LONDON — Woolmark has unveiled the 10 finalists for the 2020 International Woolmark Prize, which is set to be awarded in February. They are A-Cold-Wall, Blindness, Bode, Botter, Feng Chen Wang, GmbH, Ludovic de Saint Sernin, Matthew Adams Dolan, Namachenko and Richard Malone.
This year, the focus and theme of the prize is traceability and how the finalists can integrate it into their businesses. To foster this, Woolmark has partnered with Provenance, a blockchain technology company, and Common Objective, a fashion networking platform.
“Customers should be able to truly see where things come from, what they’re made of and how they are affecting humanity and the planet. It’s for this reason we’re thrilled to be the official traceability partner for the 2020 International Woolmark Prize, which has a focus on traceability and reinforcing supply chain integrity,” said Jessi Baker, founder and chief executive officer of Provenance.
In the run-up to February, the 10 finalists will be provided with mentoring and workshops on supply chain traceability and will be judged on what they have learned. Some of the finalists have already been integrating traceability in their businesses.
“It’s important for us to tell the narrative about the antique textiles that we use, so in that way we are already including traceability on our hangtags,” said Emily Bode, founder of Bode, adding that she is eager to incorporate Provenance’s system on a sourcing level to trace everything down to the fiber.
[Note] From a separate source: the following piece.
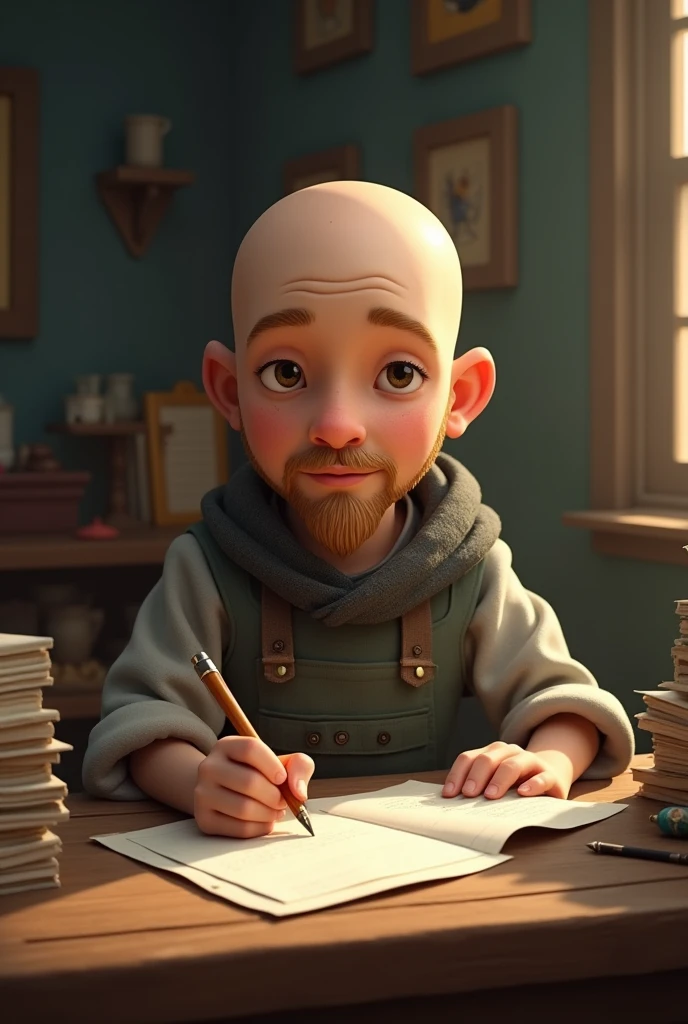 A light beard bald boy writing stories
“We can trace fibers to [their origin], maybe even what farm they came from, but particularly what mills they are using. We preserve a lot of historical techniques, so for us it’s all about the preservation of a historical fiber,” she added.
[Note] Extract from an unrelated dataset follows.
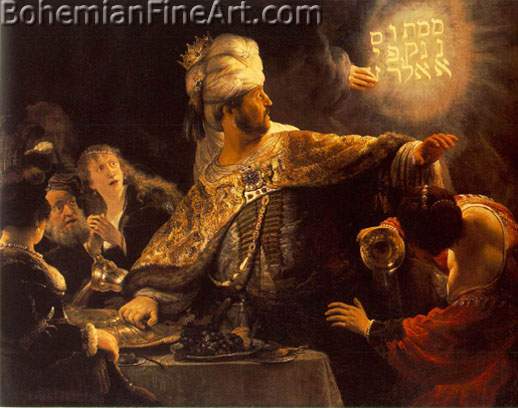 Harmenszoon Rembrandt, The Feast of Belshazzar Fine Art Reproduction Oil Painting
Samuel Ross of A-Cold-Wall said he’s eager to use traceability in his business to minimize his carbon footprint. “It’s every little detail because we move quite a lot of units globally and those are huge shifts when we are producing 60,000 garments each season. So just making changes like shipping by sea where possible and understanding what’s happening within our supply chain,” he said.
Ross added that sustainability needs to seep into every faction of his business. “It’s a 360 effect, it’s not just about plastic in your thread count. It’s me being more organized, such as using fewer fabric options, so mills won’t be running machines for weeks just for one or two pieces. Instead, you have a few key high quality fabrics spread across a smaller collection.”
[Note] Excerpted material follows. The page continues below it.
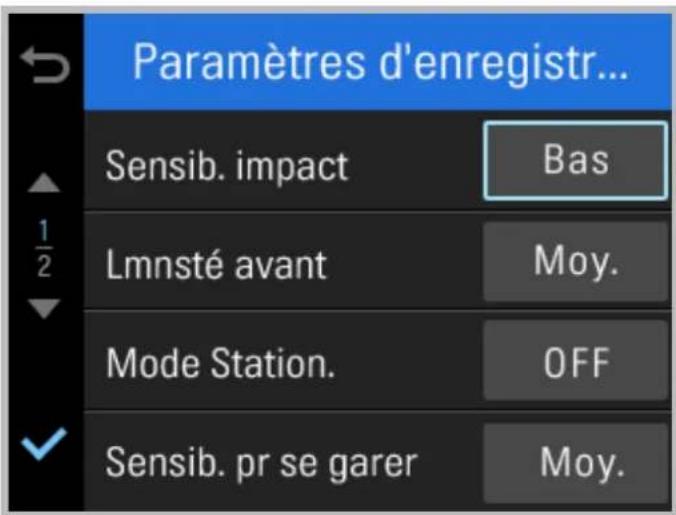 Thinkware XW10 - 3-5. Paramètres > Paramètres d'enregistrement - 1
Ross’ Woolmark collection will focus on popularizing the use of wool in technical and functional pieces for which he is known, and substituting them for his usual synthetic materials.
Serhat Isik and Benjamin Alexander Huseby of GmbH are also highlighting the use of wool in technical garments and educating the consumer. The duo has already been working with Woolmark to replace their fleeces with natural wool.
“Our hangtags have always said which countries the fabrics and garments were made and whether the product is biodegradable, organic, recycled etc. We want to educate the consumer instead of exploiting sustainability for marketing purposes,” said Isik, adding that democratizing the language around sustainability is a goal for their brand.
The duo is also looking forward to the workshops. “Being a finalist, we suddenly have access and support such as subsidizing and using methods, materials and techniques that might not be so accessible for younger designers, so it definitely gives us a jumpstart to improve on those things even more,” Huseby said.
Designer Feng Chen Wang is also looking to develop her sustainability practices. She’s been using plant dye and working with dead stock material as well as working with local artisans.
“It’s still a long journey to go but I’m looking at new ways to innovate and learning more about the technical side of things with wool and sustainability. I’m hoping that by working more sustainability I can influence more people and my consumers as well. I’m honored to be a part of Woolmark, but at the end of the day it doesn’t matter who wins, it’s about being given a chance to develop ideas I’ve had for a while,” Wang said.